Your goal: Every picture is to be removed, and all the data is to be copied exactly.

Records shown:
++++++++++

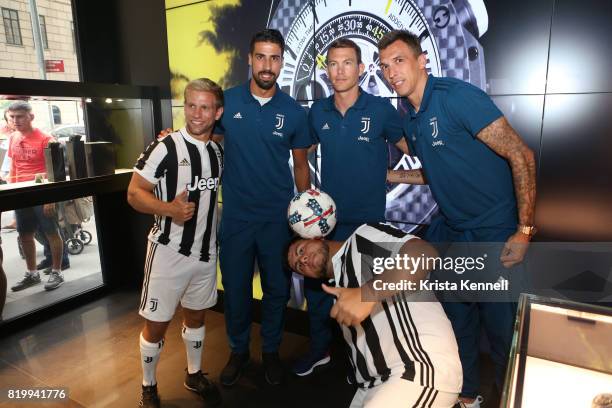 Sami Khedira, Stephan Lichtsteiner, and Mario Mandzukic pose with New York Red Bulls players DJ Bivery and Victor Miranda as Hublot Welcomes Juventus...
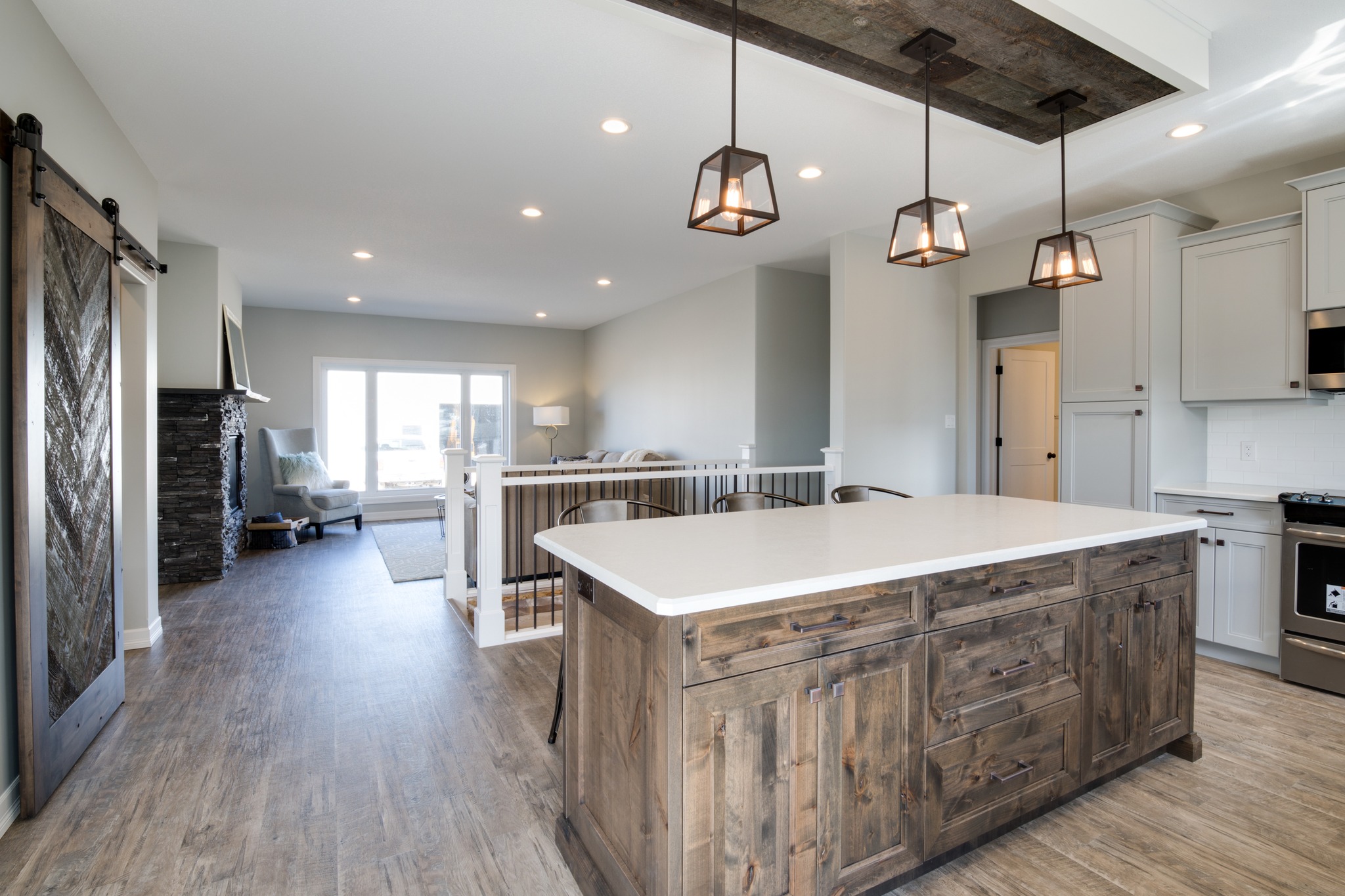 Modern open-concept kitchen and living area with a rustic wood island, pendant lights, and sliding barn door. Bright, inviting atmosphere.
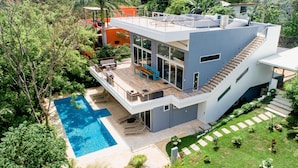 Ein modernes Haus mit Pool, Sitzgelegenheit im Freien und einem Garten.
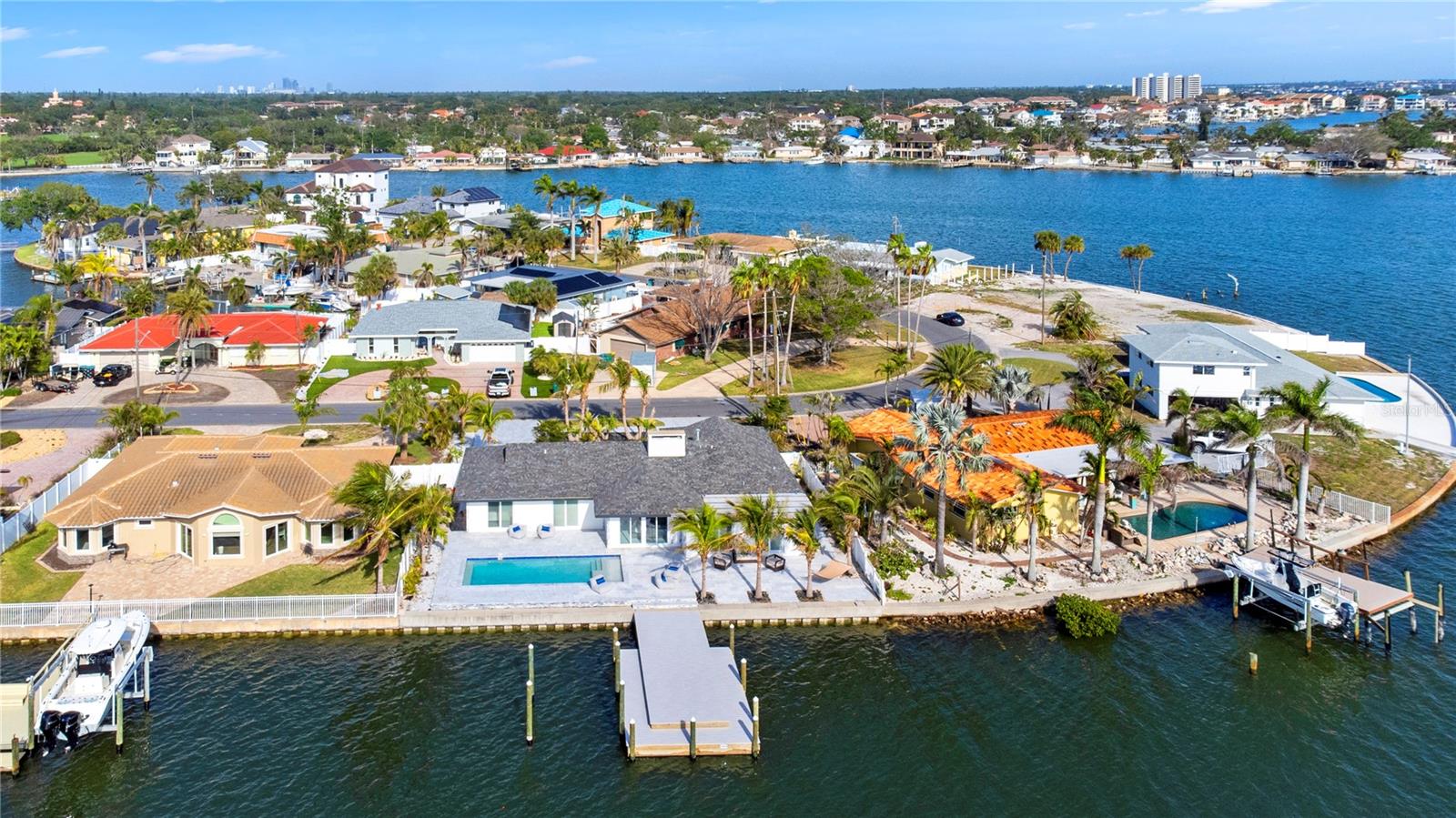 Experience true waterfront living and unforgettable sunsets from your own backyard in the highly sought-after Pasadena Golf Club Estates, located in unincorporated Pinellas County. This fully renovated coastal retreat is a boater’s dream, offering deep water docking on the Intracoastal Waterway of Boca Ciega Bay, with easy access to Tampa Bay and the Gulf of America! The 2019 wide-depth seawall supports a brand new TREX dock, featuring a 12x36 main dock and a 4x24 lower dock, ideal for all your water toys and marine adventures. Cool off in the brand new saltwater pool, set in a luxurious imported marble decking and surrounded by lush coconut and Tahitian palms—part of a landscape investment of over $50,000. Inside, you’ll find over-the-top upgrades and thoughtful design touches throughout, including: Custom-designed kitchen with over 30 feet of counter space, solid wood cabinetry, brushed gold hardware, 36” porcelain farmhouse sink, GE Monogram appliances including a 48” gas range and 48” refrigerator, and a custom wet bar with an oversized wine cooler (holds 90+ bottles) LVP flooring in bedrooms, mosaic tile, and all new LED lighting & fixtures Spacious Living Room with a wood-burning fireplace Primary Bedroom with water views, three closets, and an en-suite bath Indoor Laundry Room with matching custom cabinetry Tankless water heater, 2023 A/C, epoxy garage floor, and marble paver circular driveway This home offers three bedrooms, two bathrooms, and a layout perfect for both relaxing and entertaining. Enjoy 86 ft x 100 ft of land (.197 acre) and .203 acre of deeded water rights. All of this is just 10 minutes from St. Pete Beach and the Gulfport Arts District, and only 15 minutes to vibrant Downtown St. Pete, filled with award-winning dining, shopping, and entertainment. Don't miss this rare opportunity to own deep water access and breathtaking waterfront views in one of the area’s most desirable neighborhoods. Schedule your private showing today!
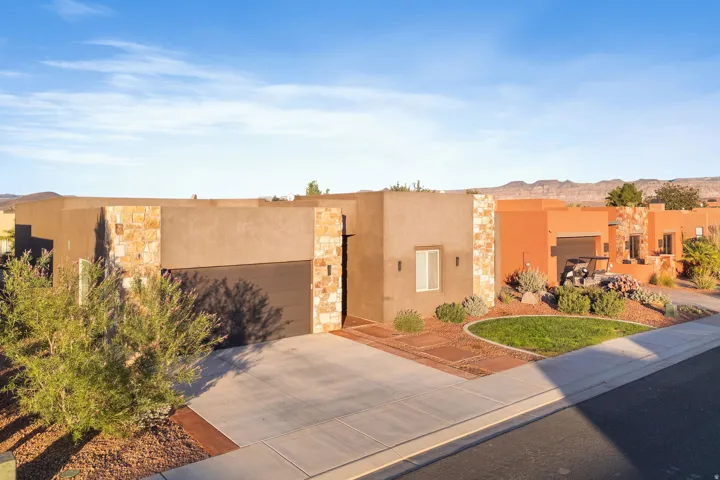 Modern stucco exterior featuring stone accents and an integrated garage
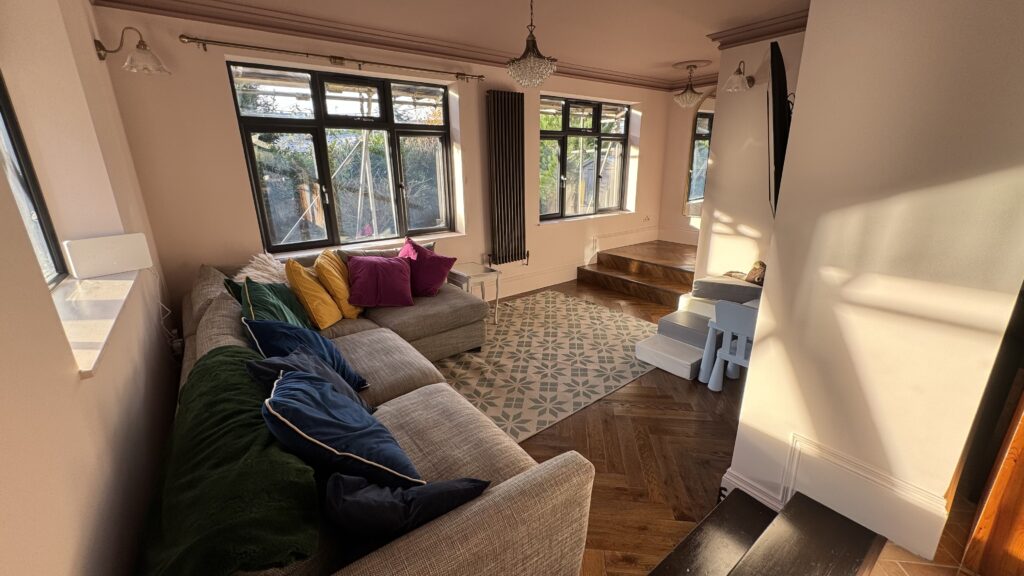 Bright living area within a rear ground floor extension with whole house refurbishment, featuring hardwood flooring and large glass doors.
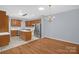 Open-concept living space with hardwood floors connecting the living and dining areas, adjacent to the kitchen at 4467 Antelope Ln, Charlotte, NC 28269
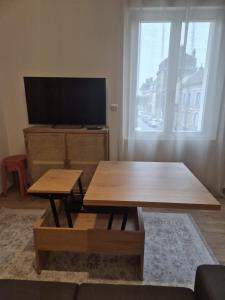 a living room with a table and a flat screen tv at le st fursy 1 in Péronne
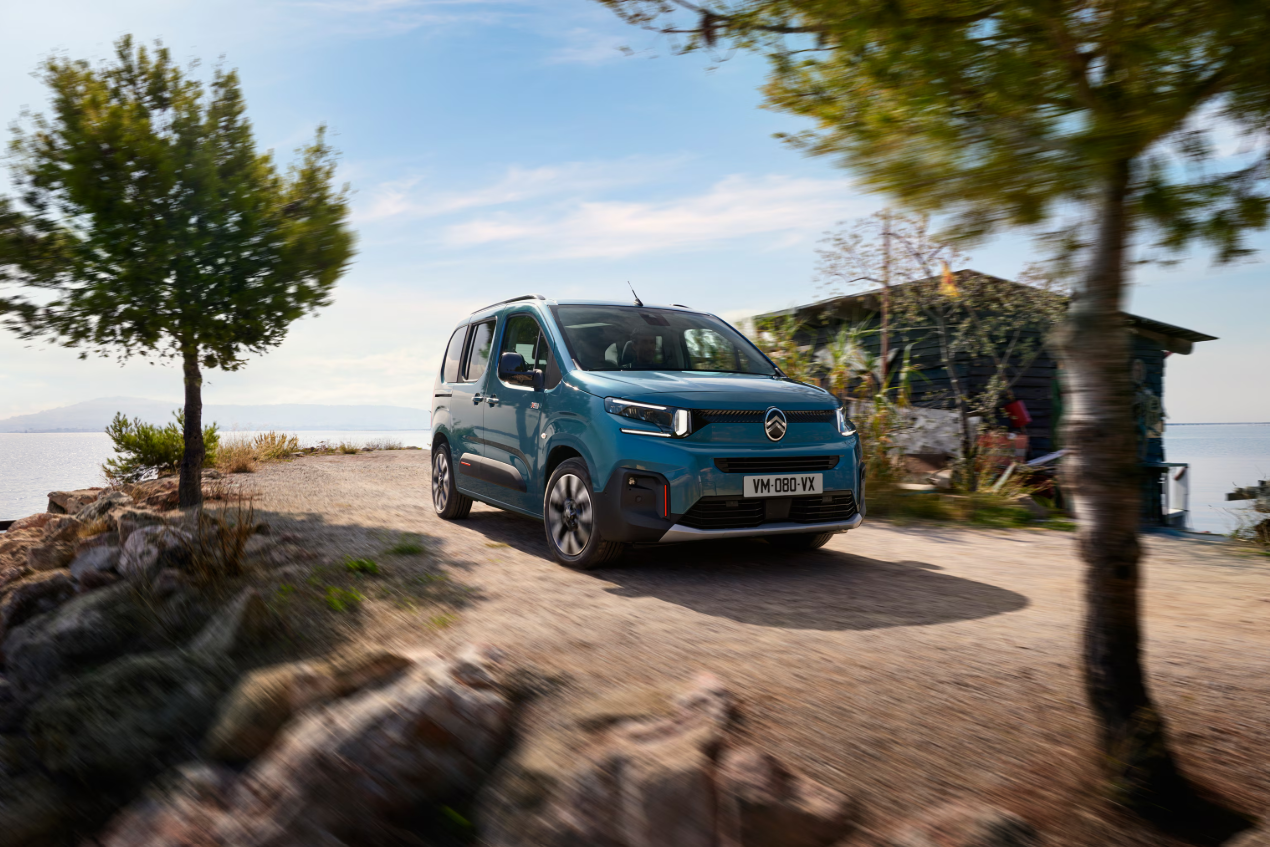Zijaanzicht van de Citroën Berlingo, geparkeerd op straat, met zicht op de portieren, ramen en wielen.
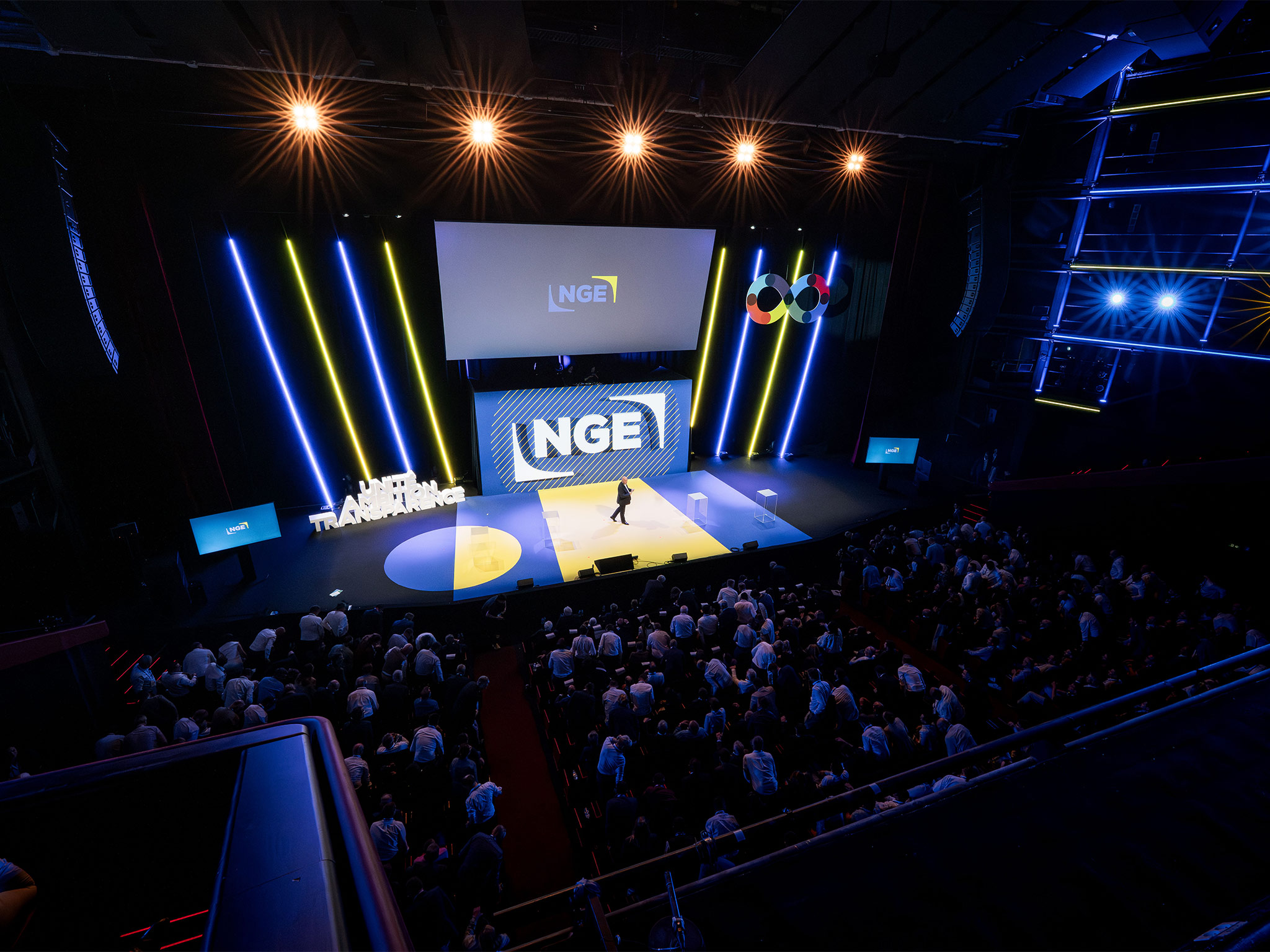 Vue en plongée sur la scène NGE au Palais des Festivals de Cannes : plateau circulaire bleu et jaune, colonnes néon et mise en lumière conçus par AUCOP, intervenant en scène devant plus de 1 000 participants.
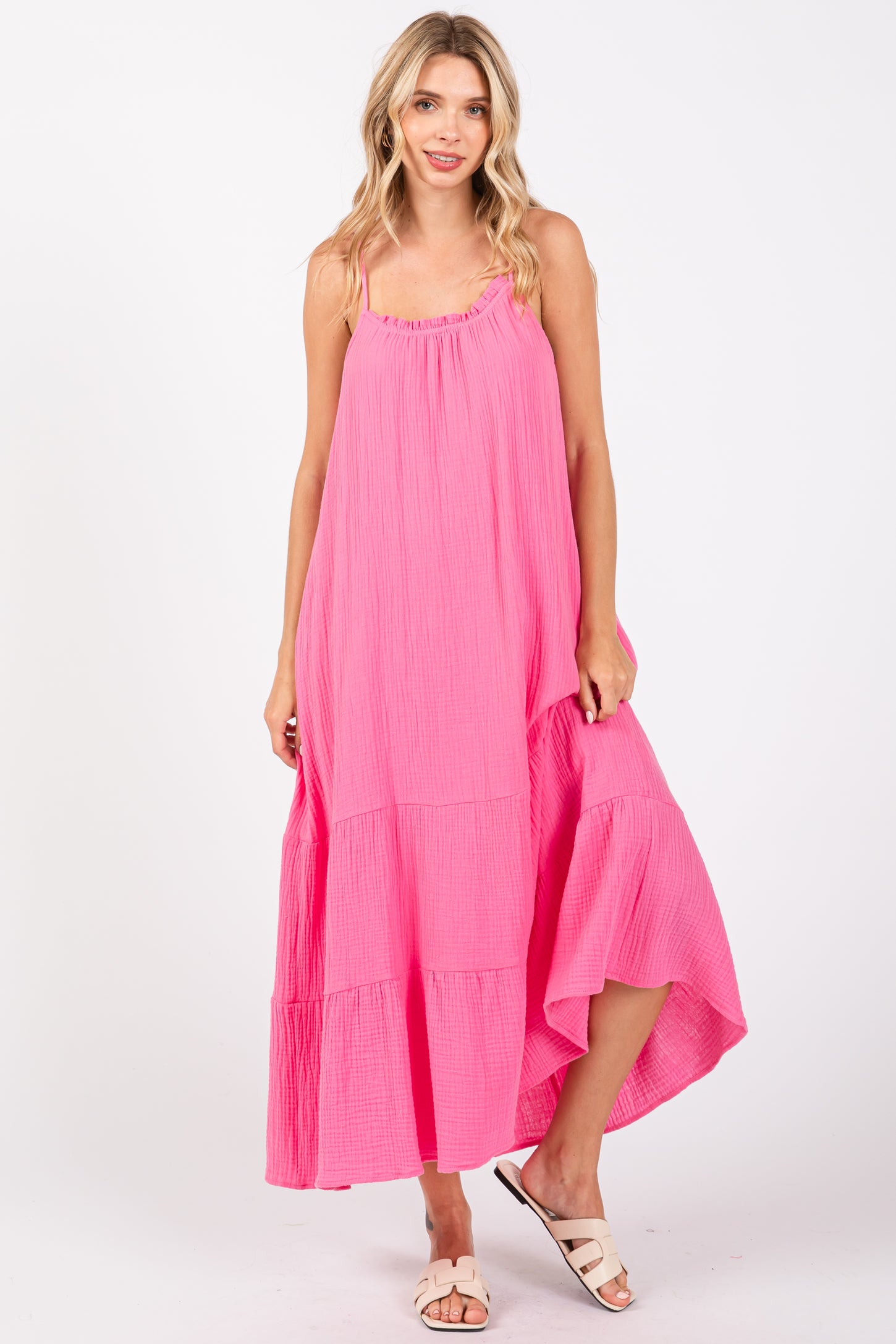 woman wearing a bright pink maxi dress with tiered detailing and spaghetti straps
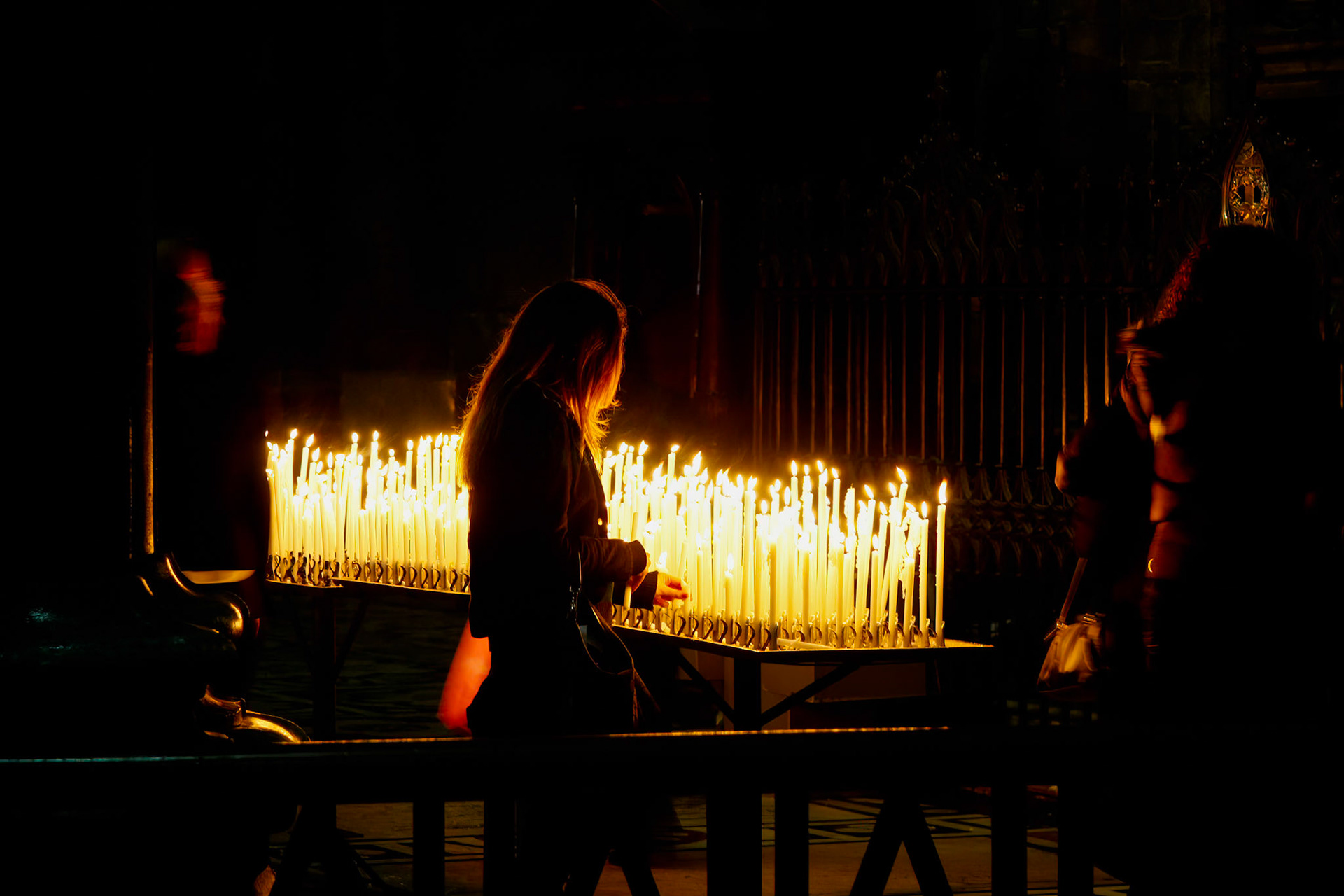 MILAN, ITALY/EUROPE - FEBRUARY 23 : Burning candles in the Duomo Cathedral in Milan Italy on February 23, 2008. One unidentified woman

++++++++++

Finished exercise:
 Sami Khedira, Stephan Lichtsteiner, and Mario Mandzukic pose with New York Red Bulls players DJ Bivery and Victor Miranda as Hublot Welcomes Juventus...
 Modern open-concept kitchen and living area with a rustic wood island, pendant lights, and sliding barn door. Bright, inviting atmosphere.
 Ein modernes Haus mit Pool, Sitzgelegenheit im Freien und einem Garten.
 Experience true waterfront living and unforgettable sunsets from your own backyard in the highly sought-after Pasadena Golf Club Estates, located in unincorporated Pinellas County. This fully renovated coastal retreat is a boater’s dream, offering deep water docking on the Intracoastal Waterway of Boca Ciega Bay, with easy access to Tampa Bay and the Gulf of America! The 2019 wide-depth seawall supports a brand new TREX dock, featuring a 12x36 main dock and a 4x24 lower dock, ideal for all your water toys and marine adventures. Cool off in the brand new saltwater pool, set in a luxurious imported marble decking and surrounded by lush coconut and Tahitian palms—part of a landscape investment of over $50,000. Inside, you’ll find over-the-top upgrades and thoughtful design touches throughout, including: Custom-designed kitchen with over 30 feet of counter space, solid wood cabinetry, brushed gold hardware, 36” porcelain farmhouse sink, GE Monogram appliances including a 48” gas range and 48” refrigerator, and a custom wet bar with an oversized wine cooler (holds 90+ bottles) LVP flooring in bedrooms, mosaic tile, and all new LED lighting & fixtures Spacious Living Room with a wood-burning fireplace Primary Bedroom with water views, three closets, and an en-suite bath Indoor Laundry Room with matching custom cabinetry Tankless water heater, 2023 A/C, epoxy garage floor, and marble paver circular driveway This home offers three bedrooms, two bathrooms, and a layout perfect for both relaxing and entertaining. Enjoy 86 ft x 100 ft of land (.197 acre) and .203 acre of deeded water rights. All of this is just 10 minutes from St. Pete Beach and the Gulfport Arts District, and only 15 minutes to vibrant Downtown St. Pete, filled with award-winning dining, shopping, and entertainment. Don't miss this rare opportunity to own deep water access and breathtaking waterfront views in one of the area’s most desirable neighborhoods. Schedule your private showing today!
 Modern stucco exterior featuring stone accents and an integrated garage
 Bright living area within a rear ground floor extension with whole house refurbishment, featuring hardwood flooring and large glass doors.
 Open-concept living space with hardwood floors connecting the living and dining areas, adjacent to the kitchen at 4467 Antelope Ln, Charlotte, NC 28269
 a living room with a table and a flat screen tv at le st fursy 1 in Péronne
Zijaanzicht van de Citroën Berlingo, geparkeerd op straat, met zicht op de portieren, ramen en wielen.
 Vue en plongée sur la scène NGE au Palais des Festivals de Cannes : plateau circulaire bleu et jaune, colonnes néon et mise en lumière conçus par AUCOP, intervenant en scène devant plus de 1 000 participants.
 woman wearing a bright pink maxi dress with tiered detailing and spaghetti straps
 MILAN, ITALY/EUROPE - FEBRUARY 23 : Burning candles in the Duomo Cathedral in Milan Italy on February 23, 2008. One unidentified woman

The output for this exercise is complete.